Il testo del Santo è scritto nel Messale, ed è il seguente:
“Santo, Santo, Santo, il Signore Dio dell’universo.
I cieli e la terra sono pieni della tua gloria.
Osanna nell’alto dei cieli.
Benedetto colui che viene nel nome del Signore.
Osanna nell’alto dei cieli.”
Poiché la musica liturgica è testo che si fa musica, è questo il testo che va cantato (che troviamo in Ap 4, 8, e in Sal 118, 26), non altre parafrasi o aggiunte. Fondamentale poi è il “Trisaghion”, cioè il tre volte Santo.

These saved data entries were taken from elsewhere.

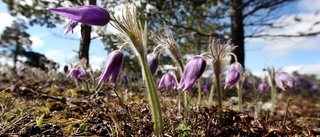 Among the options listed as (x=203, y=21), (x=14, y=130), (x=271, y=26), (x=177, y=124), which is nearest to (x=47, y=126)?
(x=14, y=130)

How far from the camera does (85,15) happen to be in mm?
1199

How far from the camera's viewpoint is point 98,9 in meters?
1.24

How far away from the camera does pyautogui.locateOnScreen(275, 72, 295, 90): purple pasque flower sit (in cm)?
232

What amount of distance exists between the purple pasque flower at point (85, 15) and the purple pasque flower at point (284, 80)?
5.05 feet

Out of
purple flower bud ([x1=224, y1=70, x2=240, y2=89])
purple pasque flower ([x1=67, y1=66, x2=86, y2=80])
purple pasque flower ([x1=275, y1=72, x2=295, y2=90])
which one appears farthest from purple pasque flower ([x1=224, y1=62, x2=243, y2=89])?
purple pasque flower ([x1=67, y1=66, x2=86, y2=80])

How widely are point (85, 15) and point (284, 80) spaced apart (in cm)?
163

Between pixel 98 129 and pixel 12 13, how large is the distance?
7109mm

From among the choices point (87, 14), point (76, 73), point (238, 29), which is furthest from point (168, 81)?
point (238, 29)

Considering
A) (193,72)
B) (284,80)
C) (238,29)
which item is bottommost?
(284,80)

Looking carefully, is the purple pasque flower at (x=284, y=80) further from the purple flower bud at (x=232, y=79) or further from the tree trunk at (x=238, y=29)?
the tree trunk at (x=238, y=29)

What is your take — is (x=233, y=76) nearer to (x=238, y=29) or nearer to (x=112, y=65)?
(x=112, y=65)

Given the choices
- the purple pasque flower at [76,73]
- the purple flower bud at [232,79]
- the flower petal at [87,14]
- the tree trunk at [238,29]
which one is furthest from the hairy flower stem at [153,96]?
the tree trunk at [238,29]

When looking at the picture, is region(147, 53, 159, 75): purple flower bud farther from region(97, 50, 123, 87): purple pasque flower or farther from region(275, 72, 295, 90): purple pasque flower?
region(275, 72, 295, 90): purple pasque flower

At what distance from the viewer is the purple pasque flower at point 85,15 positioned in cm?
117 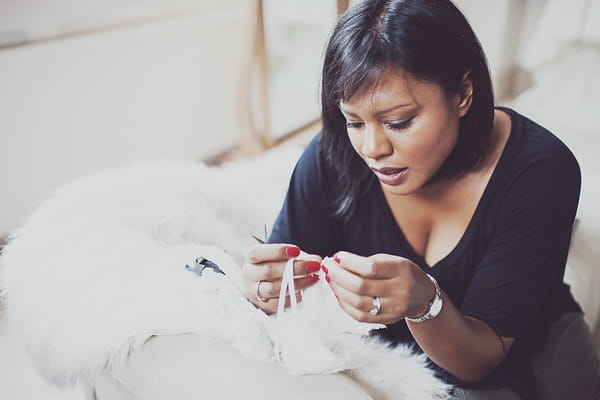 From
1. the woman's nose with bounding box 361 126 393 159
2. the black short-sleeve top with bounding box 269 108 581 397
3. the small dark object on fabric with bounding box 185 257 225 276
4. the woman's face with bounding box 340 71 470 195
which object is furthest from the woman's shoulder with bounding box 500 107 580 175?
the small dark object on fabric with bounding box 185 257 225 276

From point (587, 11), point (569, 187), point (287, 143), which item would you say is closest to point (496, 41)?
point (587, 11)

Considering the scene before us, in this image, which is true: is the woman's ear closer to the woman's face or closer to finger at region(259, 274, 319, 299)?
the woman's face

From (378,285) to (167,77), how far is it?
1529mm

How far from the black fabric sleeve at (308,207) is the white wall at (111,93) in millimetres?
975

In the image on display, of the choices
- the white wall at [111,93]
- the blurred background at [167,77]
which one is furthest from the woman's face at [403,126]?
the white wall at [111,93]

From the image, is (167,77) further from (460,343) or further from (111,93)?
(460,343)

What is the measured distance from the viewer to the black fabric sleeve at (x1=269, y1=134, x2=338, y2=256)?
980 millimetres

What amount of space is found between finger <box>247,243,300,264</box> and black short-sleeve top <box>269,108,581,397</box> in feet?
0.82

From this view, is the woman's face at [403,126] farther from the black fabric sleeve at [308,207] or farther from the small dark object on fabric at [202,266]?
the small dark object on fabric at [202,266]

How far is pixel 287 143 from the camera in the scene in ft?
7.26

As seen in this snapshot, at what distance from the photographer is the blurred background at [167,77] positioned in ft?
5.06

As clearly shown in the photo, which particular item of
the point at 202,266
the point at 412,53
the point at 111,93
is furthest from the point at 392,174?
the point at 111,93

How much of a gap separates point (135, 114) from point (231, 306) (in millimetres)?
1259

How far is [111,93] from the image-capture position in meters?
1.79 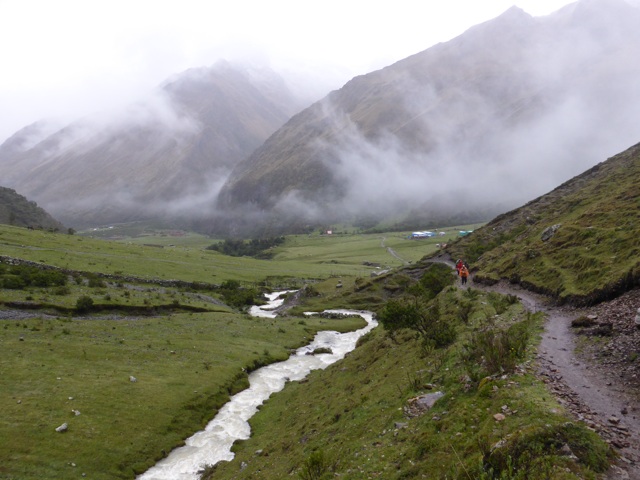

Quindi i “santi” che hanno un numero di acclamazioni “santo” diverso, non sono il testo in canto, e quindi non vanno usati in questo contesto (per esempio il tanto in voga “santo zaire” (osanna eh), che nella lingua originale è corretto, ma nella traduzione viene falsato.
Poiché il Santo deve obbligatoriamente essere recitato dall’assemblea, allo stesso modo il canto deve essere cantato dall’assemblea, mai solo dal cantore o dal coro. Ci può essere un’alternanza coro (o cantore)/assemblea, soprattutto su “i cieli e la terra” e il “benedetto colui che viene”, ma l’Osanna va necessariamente cantato da tutti.